In the meantime, Batista says that managing homeowners’ expectations and helping them to understand the severity of the issue and gain access is a challenge. “It’s a very sensitive subject, and it should be analyzed on a case-by-case basis, but first and foremost, the hazards need to be identified and defined to the residents, so that they understand why their access might be limited. It’s for their own protection.”
Turning Things Around
When residents – for whatever reason – stop paying their monthly fees, “You have two choices,” says Balzamo. “You could try taking them to court, but collecting the fees is very difficult. The courts will tell you that the other homeowners have to make up the difference. Instead, what the manager should try to do is legally push the homeowners out and then, hopefully, you get better buyers into the property to help bring the value back up. Those are really your only two options.”
Of course, if only one or two homeowners are falling into financial distress, D’Amico explains that it is an asset manager, not a property manager, who would handle a short sale or foreclosure of their particular properties.
“A foreclosure usually gets to the point where people don’t pay their loan, but in a judicial foreclosure state, it takes a long time before the bank forecloses and puts a padlock on it and they’re out the door,” she says. “In other states, the deed goes back to the bank, and within a year they’re out of there.”
While all this is being adjudicated, the community is losing vital maintenance fee income, and the cycle of distress continues.
Unfortunately, D’Amico said that distressed properties – and even just financially distressed homeowners – are not going away any time soon.
“New York State is about fourth in the country as far as short sales and foreclosures are concerned,” she says. “In 2006, at the height of the market, everybody used their house like an ATM. They refinanced, and now they can’t pay that second loan.
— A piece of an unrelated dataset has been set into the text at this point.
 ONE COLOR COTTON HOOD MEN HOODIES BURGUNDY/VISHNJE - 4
However, because New York is a judicial foreclosure state, people who own condos know that they can live there for four, five or even 10 years before the padlock is put on the front door. They just wait it out.”
Having homeowners on the property who were just waiting it out was exactly what Balzamo was dealing with. He called it “hell,” from a management perspective. “It was the worst thing imaginable, because people are essentially squatting there – and even though they don’t pay the maintenance fees, they’re still expecting their essential services,” he says. “But they live in a condominium where there are 35 units that are basically decreasing the value of the entire property, and you can’t even afford to provide essential services.”
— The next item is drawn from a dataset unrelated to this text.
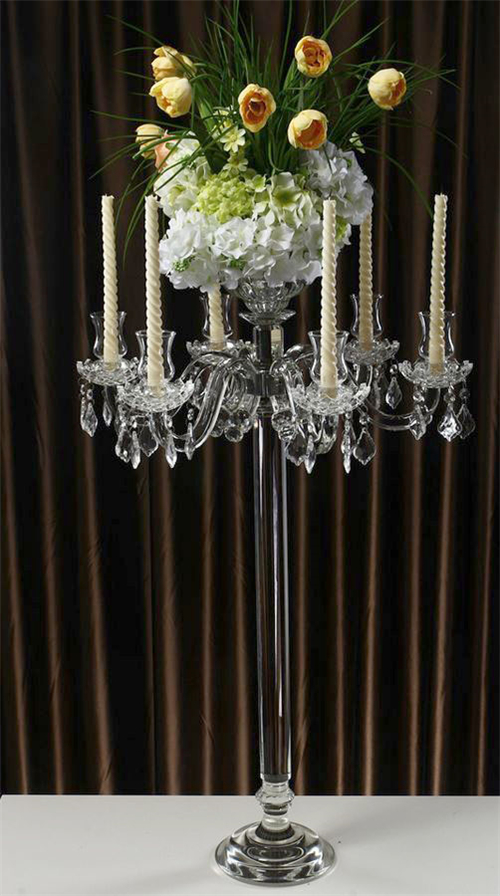 Crystal Candelabras With Flowers Bowl Centerpieces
In addition, if a management company fails to provide those essential services to residents – even non-paying ones – the company can be fined. Unfortunately, in the case of the distressed property Balzamo was managing (which he is no longer involved with) the only way that the bank was able to sell the property was through a cash-only deal.
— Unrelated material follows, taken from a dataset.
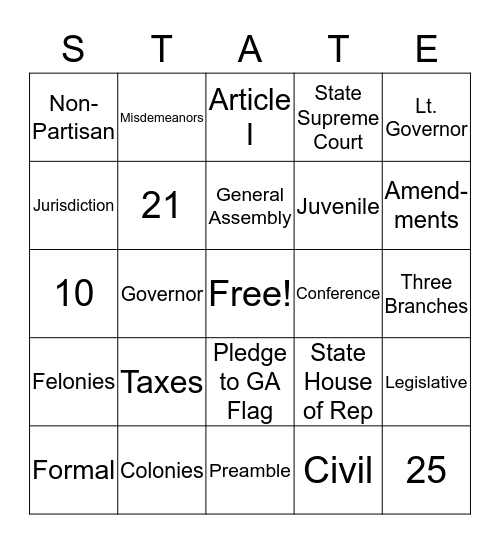 Government BINGO Card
To help managers and other real estate pros learn more about managing distressed properties, D’Amico currently teaches a class through the National Association of Realtors (NAR) about foreclosure alternatives and handling homeowners who are struggling to pay called “Short Sales and Foreclosure Resource (SFR).” It’s a one-day elective course that is applied towards an ABR designation. The course helps to evaluate all options for distressed homeowners and identify the components of an effective short-sale package.
Though all communities will inevitably go through rough financial and/or managerial patches now and again, some bounce back faster than others – and unfortunately, some don’t bounce back at all. Maximizing your condo or HOA’s chances of making a full recovery relies on a solid, competent and responsive board-management team who isn’t afraid to make tough decisions when necessary, and who can communicate the reasons for those decisions to their residents.
Lisa Iannucci is a freelance writer and published author, and a frequent contributor to The Cooperator.